Investing in Advanced Pollution Control Technology
PSEG Fossil is investing $1.5 billion to retrofit three of its coal plants with advanced pollution control equipment that will drastically reduce, by 80 to 90 percent or more, emissions of mercury, particulates, sulfur oxides (SO2) and nitrogen oxides (NOx) – substances that cause smog, acid rain and contribute to human health problems.
Two coal units at PSEG Fossil’s Mercer Generating Station were connected to baghouses, state-of-the-art pollution control devices that significantly reduce particulate matter emissions, and in combination with activated carbon injection, also achieve significant reductions in mercury emissions. The baghouses going in service completed the second phase of a three-part, $565 million program to install the best available pollution control technologies at the Hamilton, N.J., plant. In the first phase, we installed NOx emission controls and other upgrades. The third phase, scheduled for 2010, will include installing the nation’s most effective dry scrubber to limit sulfur emissions.

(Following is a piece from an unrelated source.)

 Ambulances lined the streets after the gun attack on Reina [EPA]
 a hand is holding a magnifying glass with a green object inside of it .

Finally, a new baghouse installed in 2007 on the Bridgeport Harbor Generating Station has reduced mercury emission by 90 percent and particulate matter emissions by an additional 75 percent from the reduction already achieved by the existing electrostatic precipitator. Bridgeport Harbor’s baghouse fulfills a commitment that PSEG made after it purchased the plant in 2002. PSEG worked with stakeholders including Connecticut legislators and environmental advocates to pass the nation’s first law regulating mercury emissions from coal power plants. PSEG has continued to push for congressional action to impose a similarly stringent cap on mercury emissions across the country.
Similar to the project at Mercer, air pollution control equipment will be installed in 2010 on our Hudson Generating Station coal burning unit to significantly reduce NOx, mercury, particulate, and sulfur emissions.

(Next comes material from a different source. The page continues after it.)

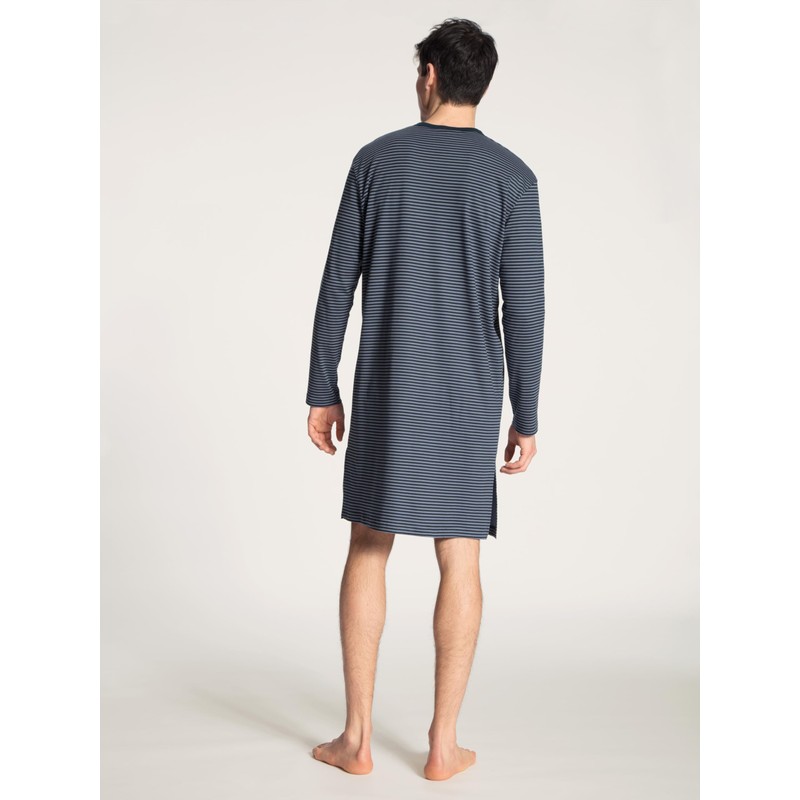 CALIDA Relax Streamline Men's 100% Cotton Button Down Nightdress, Dark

When the projects are completed in 2009, PSEG Fossil’s New Jersey coal plants will be among the nation’s cleanest. Of the nation’s 400 coal plants, Hudson and Mercer will be among the 30 plants with the lowest SO2 emissions, based on 2006 data. They will rank in the top 15 for lowest mercury emissions and in the top ten for lowest NOx emissions.
PSEG has partnered with CSX, a leading rail transportation company, to replace three diesel locomotives with ultra-clean, multi-engine generator-sets. Among the first to comply with EPA Tier 4 locomotive standards for particulate matter, they reduce nitrogen oxides by 80 percent, particulate matter emissions by 95 percent, and CO2 by up to 50 percent.

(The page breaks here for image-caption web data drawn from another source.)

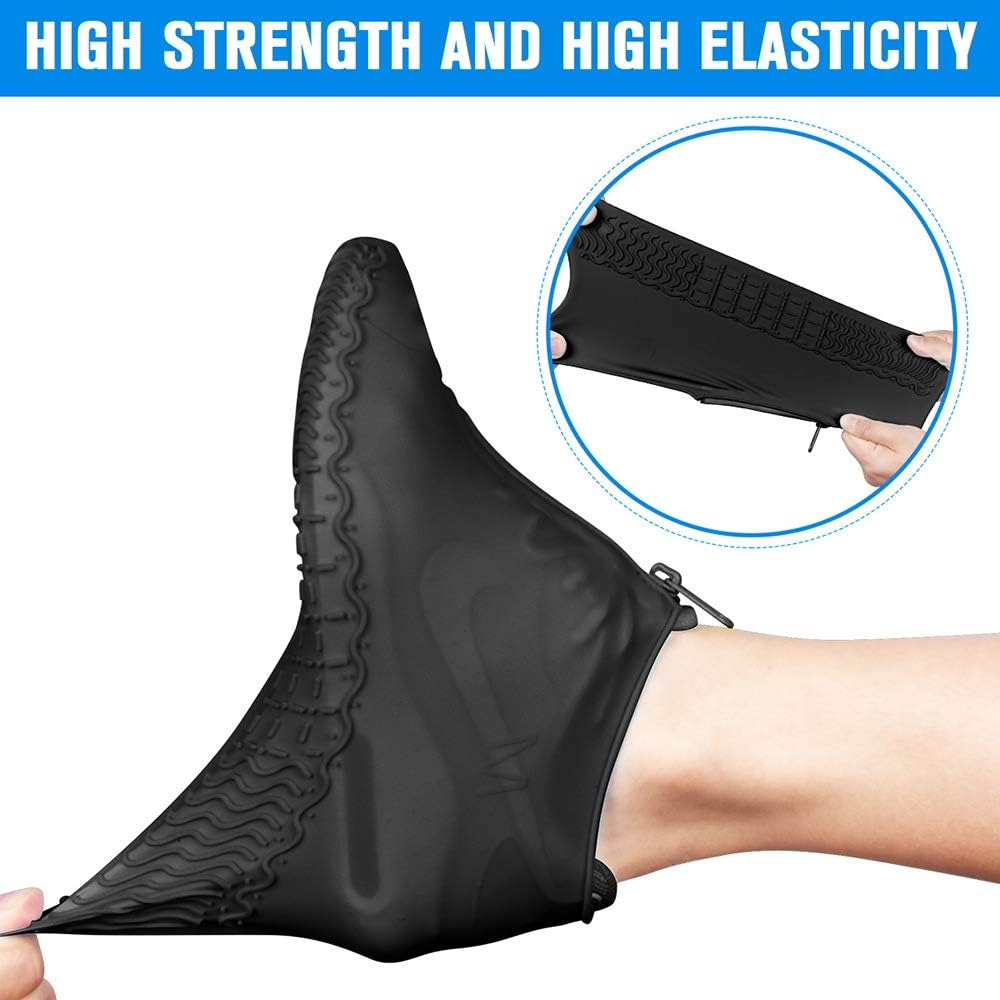 Couvre-chaussures imperméables en silicone réutilisables - Noir avec semelles renforcées antidérapantes - 3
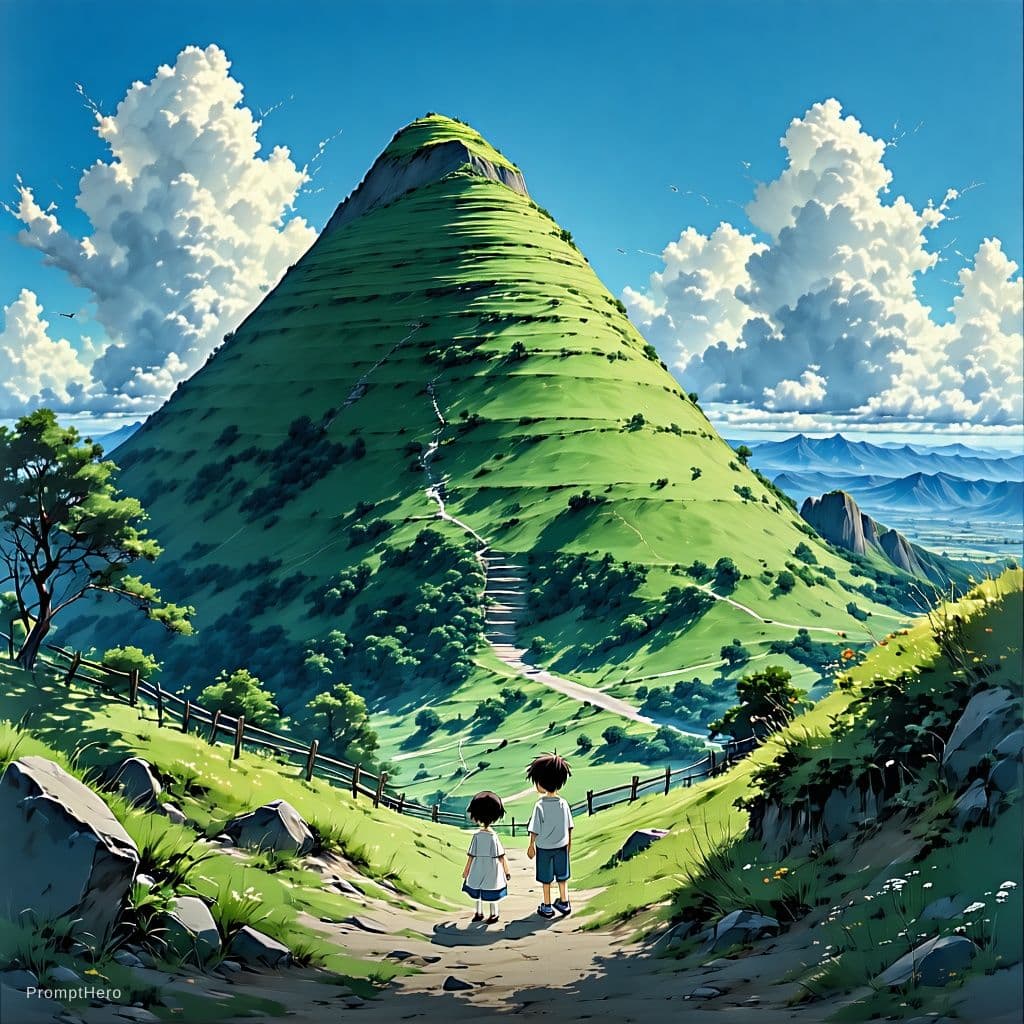 AI generated: a highly detailed matte painting of a young boy and girl at the bottom of a huge hill by studio ghib...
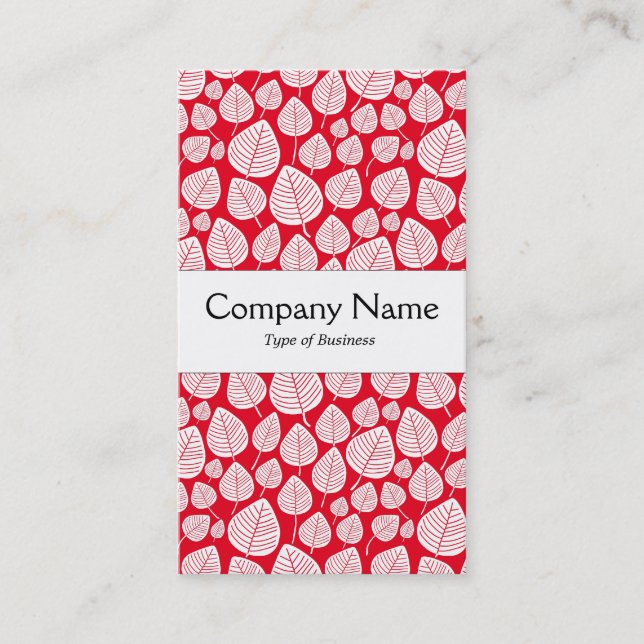 Centre Band - Leaves - White on Red e6001c Business Card (Front)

The new pollution control equipment at Mercer and Hudson Generating Stations will raise our cost of doing business by reducing energy output and increasing costs. The equipment uses tons of lime, activated carbon and ammonia, which have to be purchased and safely disposed of after use and are expected to cost around $30 million per year per plant.
The changes at Hudson and Mercer are in response to an Amended Consent Decree negotiated in 2002 with the NJ Department of Environmental Protection, US EPA, US Department of Justice and the NJ Department of Law and Public Safety.
Reducing Ozone-Causing Emissions
At the Essex and Burlington generating stations. PSEG Fossil has spent over $15 million installing high pressure water injection systems to reduce NOx emissions from 40 combustion turbine peaking units. The water injection systems will be used on high electric demand days to reduce NOx emissions from these units by 30 percent or more. High ozone days typically coincide with high electric demand days in the summer when high temperatures cause high electric demand and create the conditions that convert NOx to ground level ozone, which is a respiratory irritant. The reductions achieved on these units will help New Jersey reach the air quality standards for ozone.